Item 4. Changes in Registrant's Certifying Accountant.
        ---------------------------------------------

     The Audit Committee of the Board of Directors (the "Audit Committee") of
Medallion Financial Corp. (the "Company") annually considers and recommends to
the Board of Directors the selection of the Company's independent public
accountants. As recommended by the Audit Committee, the Board of Directors on
July 24, 2002 decided to dismiss its independent auditors, Arthur Andersen LLP
("Andersen") in view of recent developments relating to Andersen, and engaged
PricewaterhouseCoopers LLP ("PWC") to serve as the Company's independent public
accountants and to audit the financial statements for the fiscal year ending
December 31, 2002. The determination to change independent public accountants
followed the Company's decision to seek proposals from independent public
accountants to audit the Company's financial statements for the fiscal year
ended December 31, 2002.

     Andersen's reports on the Company's consolidated financial statements for
the two most recent fiscal years ended December 31, 2001 and December 31, 2000
did not contain any adverse opinion or disclaimer of opinion, nor were they
qualified or modified as to uncertainty, audit scope or accounting principles.
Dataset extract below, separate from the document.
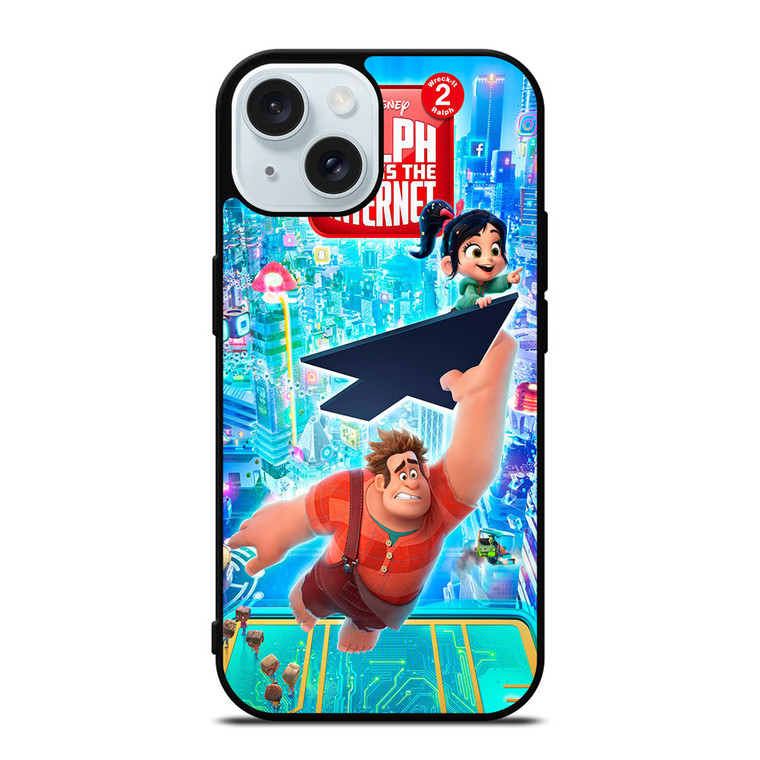RALPH BREAKS THE INTERNET iPhone 15 Case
     During the two most recent fiscal years ended December 31, 2001 and
December 31, 2000, and the subsequent interim period through the date of this
Form 8-K, there were (i) no disagreements with Andersen on any matter of
accounting principles or practices, financial statement disclosure, or auditing
scope or procedure which, if not resolved to Andersen's satisfaction, would have
caused them to make reference to the subject matter in connection with their
report on the Company's consolidated financial statements for such years, and
(ii) except as described above, no reportable events, as listed in Item
304(a)(1)(v) of Regulation S-K.

     The Company provided Andersen with a copy of the foregoing disclosures and
requested that it furnish the Company with a copy of a letter addressed to the
Securities and Exchange Commission stating whether or not it agrees with the
statements above. In response, Andersen indicated that, as of July 1, 2002,
Andersen no longer issues such letters.

     During the two most recent fiscal years ended December 31, 2001 and
December 31, 2000 the Company did not consult PWC with respect to any of the
matters or events set forth in Item 304(a)(2)(i) and (ii) of Regulation S-K.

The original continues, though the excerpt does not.